Leave out the pictures and repeat exactly the lines from the one containing "Light gray modern" through the end of the records.

• _Brief descriptive captions_

Content starts

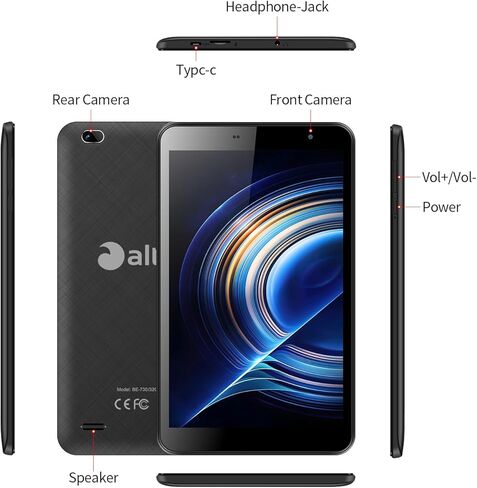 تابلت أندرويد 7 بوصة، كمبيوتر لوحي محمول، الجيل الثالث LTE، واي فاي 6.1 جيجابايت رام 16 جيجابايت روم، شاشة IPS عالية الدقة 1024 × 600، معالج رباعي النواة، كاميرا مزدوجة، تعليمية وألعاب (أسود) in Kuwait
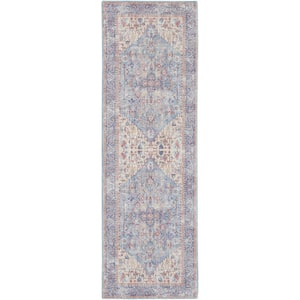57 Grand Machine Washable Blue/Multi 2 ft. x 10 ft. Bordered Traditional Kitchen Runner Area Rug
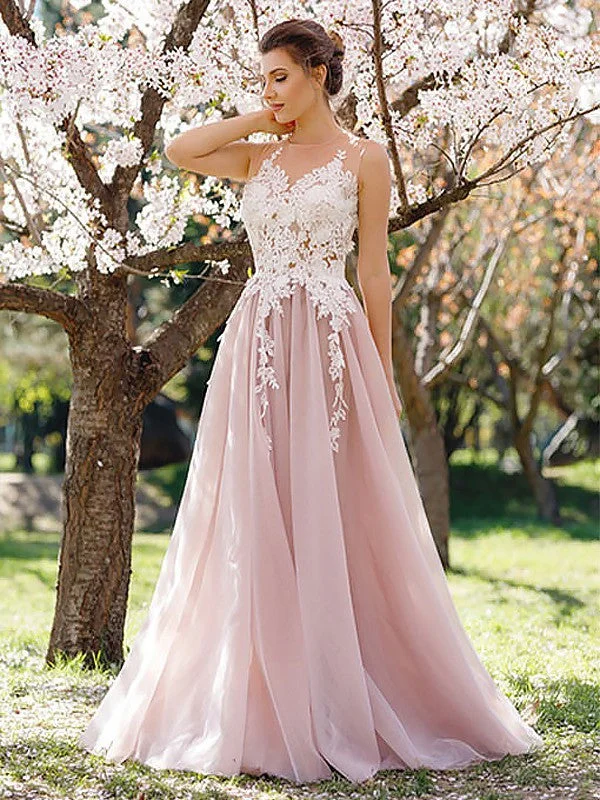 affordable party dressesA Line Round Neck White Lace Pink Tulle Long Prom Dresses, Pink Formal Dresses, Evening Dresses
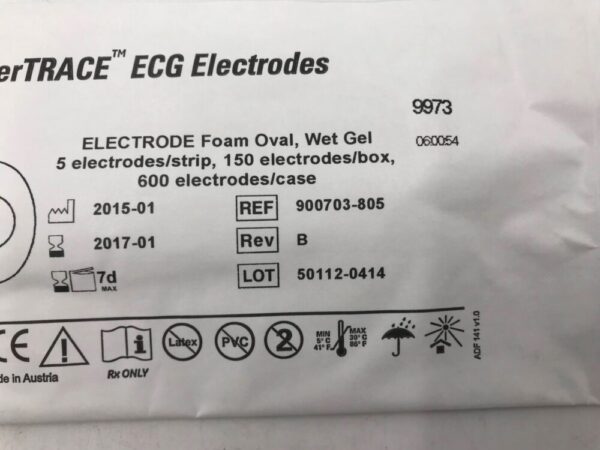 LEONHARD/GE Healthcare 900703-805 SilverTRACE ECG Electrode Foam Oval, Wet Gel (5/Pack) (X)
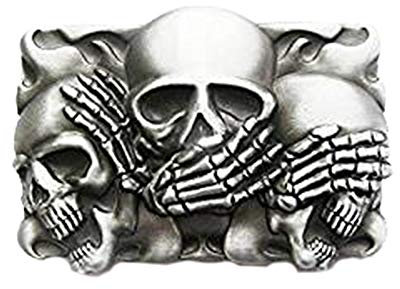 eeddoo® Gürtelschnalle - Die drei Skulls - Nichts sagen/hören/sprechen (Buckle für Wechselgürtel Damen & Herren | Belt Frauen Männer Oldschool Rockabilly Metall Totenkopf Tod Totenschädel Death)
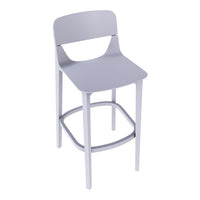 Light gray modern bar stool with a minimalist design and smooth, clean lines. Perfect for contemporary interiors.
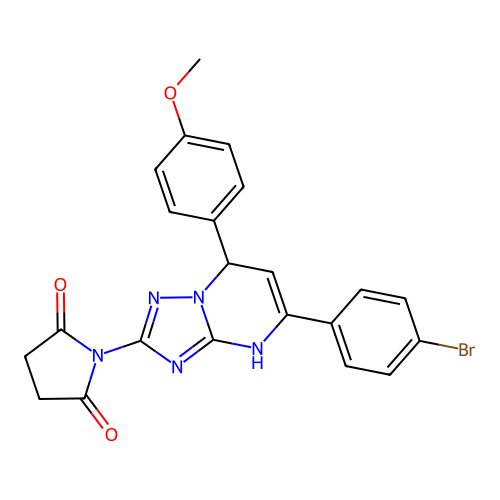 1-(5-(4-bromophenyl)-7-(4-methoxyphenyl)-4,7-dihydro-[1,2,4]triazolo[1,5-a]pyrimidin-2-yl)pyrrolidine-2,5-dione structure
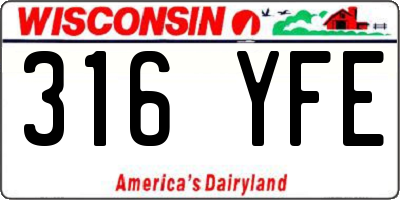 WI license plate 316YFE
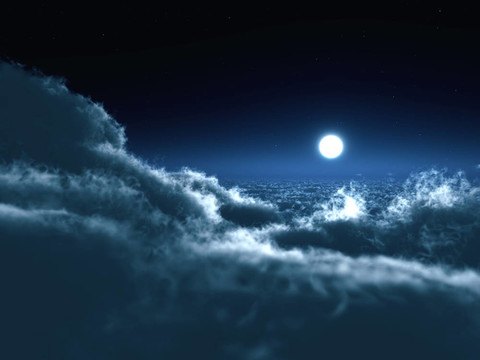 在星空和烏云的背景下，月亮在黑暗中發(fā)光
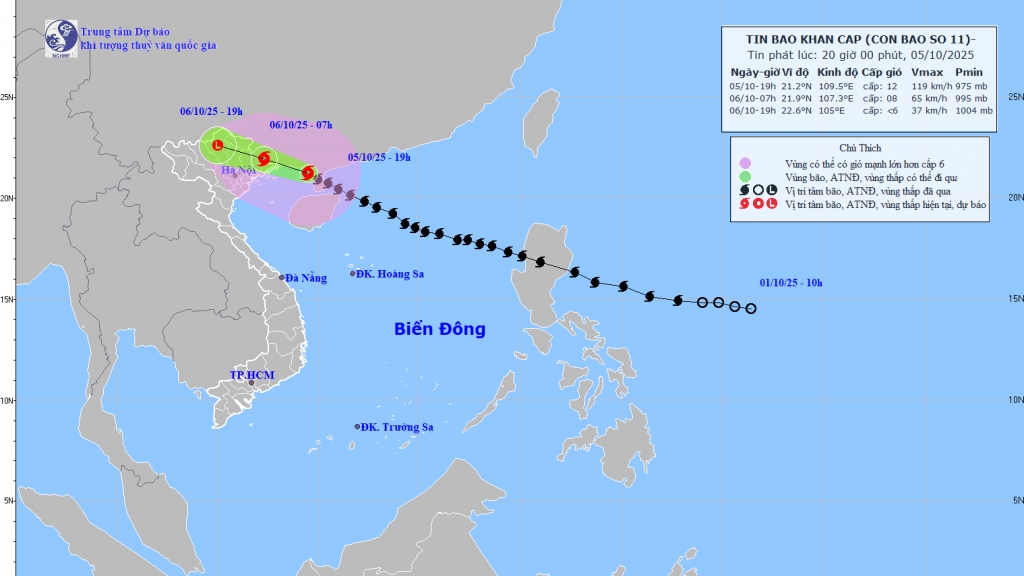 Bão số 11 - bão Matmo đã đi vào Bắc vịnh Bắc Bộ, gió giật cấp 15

Content ends

• _Worked solution_
 Light gray modern bar stool with a minimalist design and smooth, clean lines. Perfect for contemporary interiors.
 1-(5-(4-bromophenyl)-7-(4-methoxyphenyl)-4,7-dihydro-[1,2,4]triazolo[1,5-a]pyrimidin-2-yl)pyrrolidine-2,5-dione structure
 WI license plate 316YFE
 在星空和烏云的背景下，月亮在黑暗中發(fā)光
 Bão số 11 - bão Matmo đã đi vào Bắc vịnh Bắc Bộ, gió giật cấp 15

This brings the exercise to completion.